What the task requires: An exact reproduction is needed of every line from the beginning of the data down to and including the line that contains "As they start", minus the pictures.

Data supplied:
════════════════
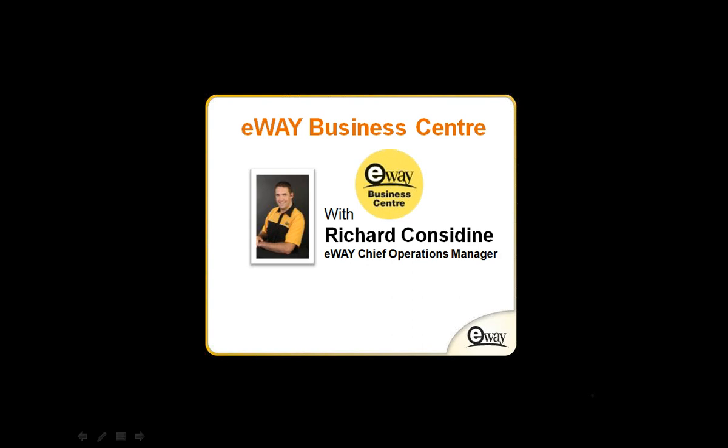The broadcast is now starting. All attendees are in listening mode. Good morning, welcome to today's webinar. My name is Richard Consign and today I'll be walking you through the eWAY Business Centre.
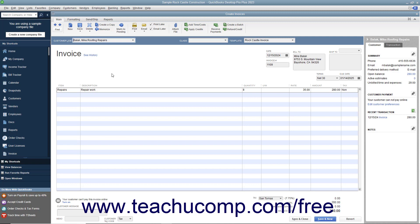To bill the mileage, click the Select the outstanding billable time and costs to add to this invoice option button, and click the OK button to continue and open the Choose Billable Time and Costs window.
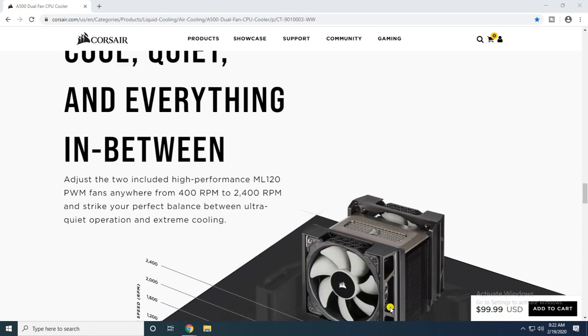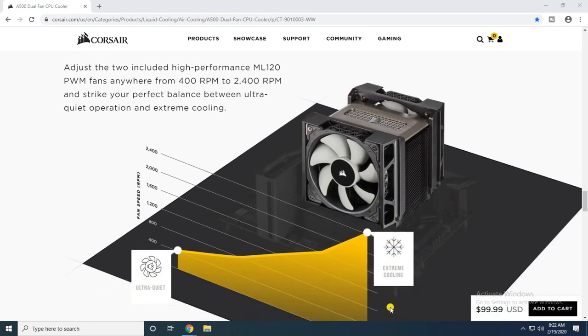Includes high performance ML120 PWM fans operating between 400 RPM and 2400 RPM to strike the perfect balance between ultra quiet operation and extreme cooling.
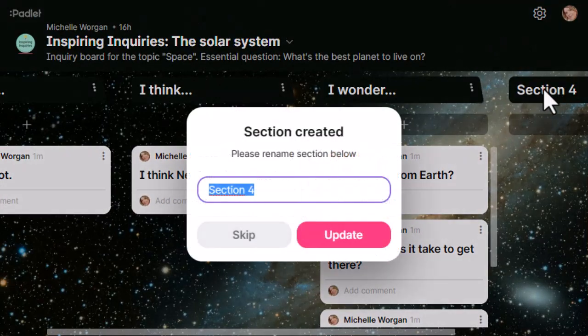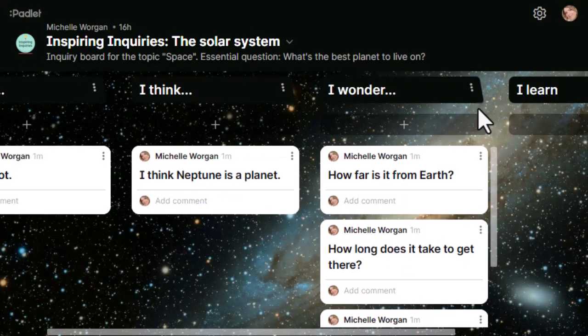As they start the research stage, I'll give them opportunities to start adding anything they discover in a new column called I Learn. It's basically a digital version of a KWL chart. The great thing about using a digital tool like Padlet is that students can also add to it outside of class — if they come up with a new question or idea at home, they can add it to the board.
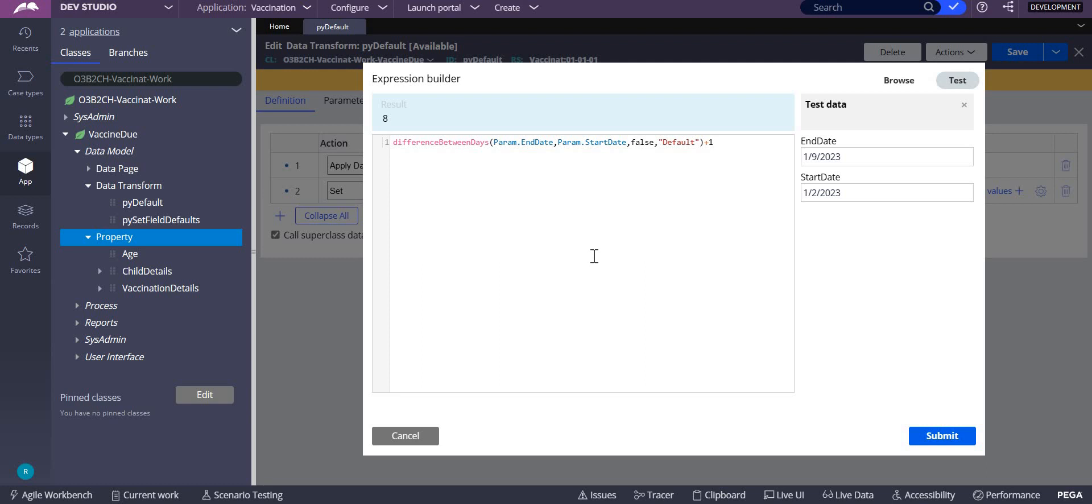One is the end date, another is the start date, and the next two relate to the default calendar available within the application. If you're going to use your own calendar, then you need to mention the calendar name here.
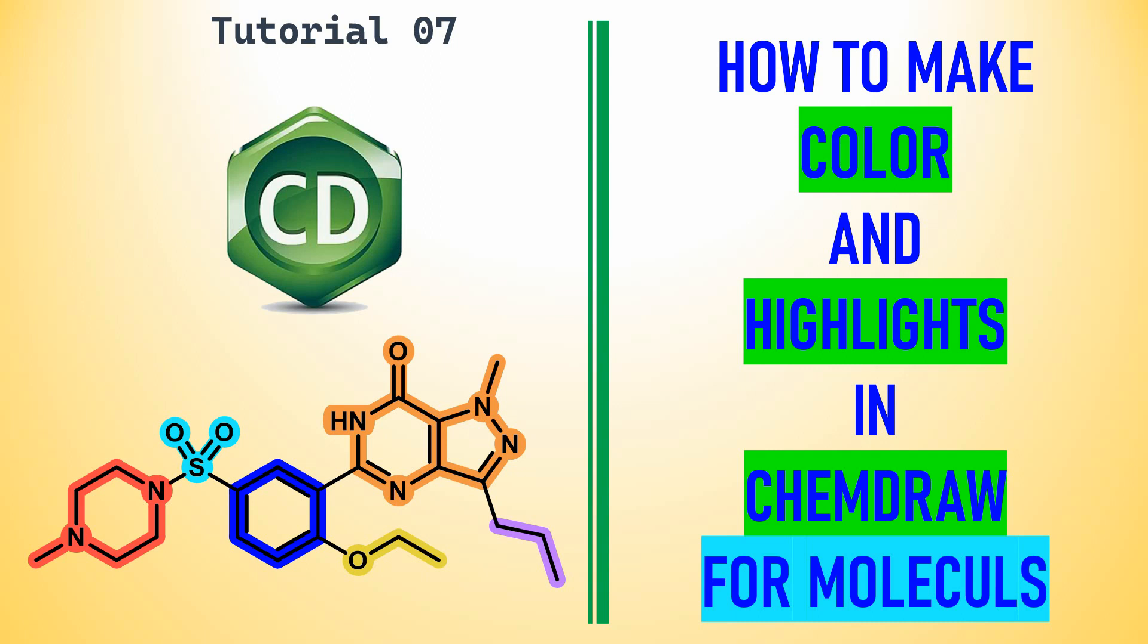Dear friends, this is my tutorial 7 in ChemDraw. In this tutorial you can learn how to make color and highlight in ChemDraw for molecules. Earlier ChemDraw versions may not be available to highlight the bonds with colors.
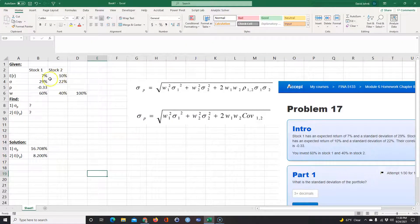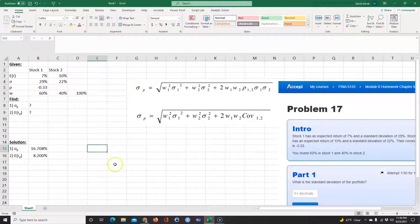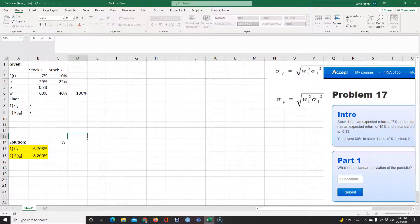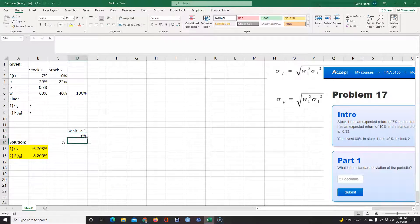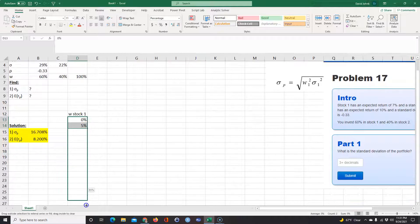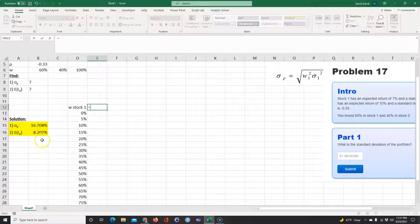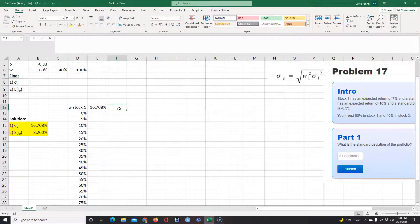What's interesting is you can vary the weights and see how it affects your expected return and risk. I'll set up a table with the weight of stock 1 ranging from 0% to 100% in 5% increments. For each weight, I'll compute both the portfolio standard deviation (risk) and the portfolio return.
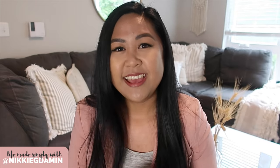Hi everyone, welcome to Life Made Simply. My name is Nikki. In today's video, I'll be sharing with you how you can create your very own customized website.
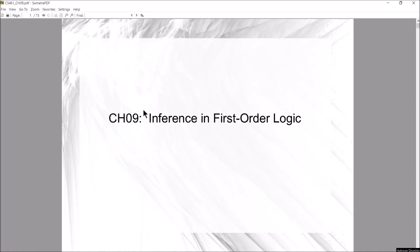Alright guys, time to start Chapter 9, which is about performing inference in first-order logic. We talked about inference in propositional logic back in chapters seven and eight, and got an introduction to first-order logic. Chapter 9 digs a little deeper into forward chaining and backward chaining, and you'll start seeing some Prolog examples towards the end.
════════════════
Task answer:
The broadcast is now starting. All attendees are in listening mode. Good morning, welcome to today's webinar. My name is Richard Consign and today I'll be walking you through the eWAY Business Centre.
To bill the mileage, click the Select the outstanding billable time and costs to add to this invoice option button, and click the OK button to continue and open the Choose Billable Time and Costs window.
Includes high performance ML120 PWM fans operating between 400 RPM and 2400 RPM to strike the perfect balance between ultra quiet operation and extreme cooling.
As they start the research stage, I'll give them opportunities to start adding anything they discover in a new column called I Learn. It's basically a digital version of a KWL chart. The great thing about using a digital tool like Padlet is that students can also add to it outside of class — if they come up with a new question or idea at home, they can add it to the board.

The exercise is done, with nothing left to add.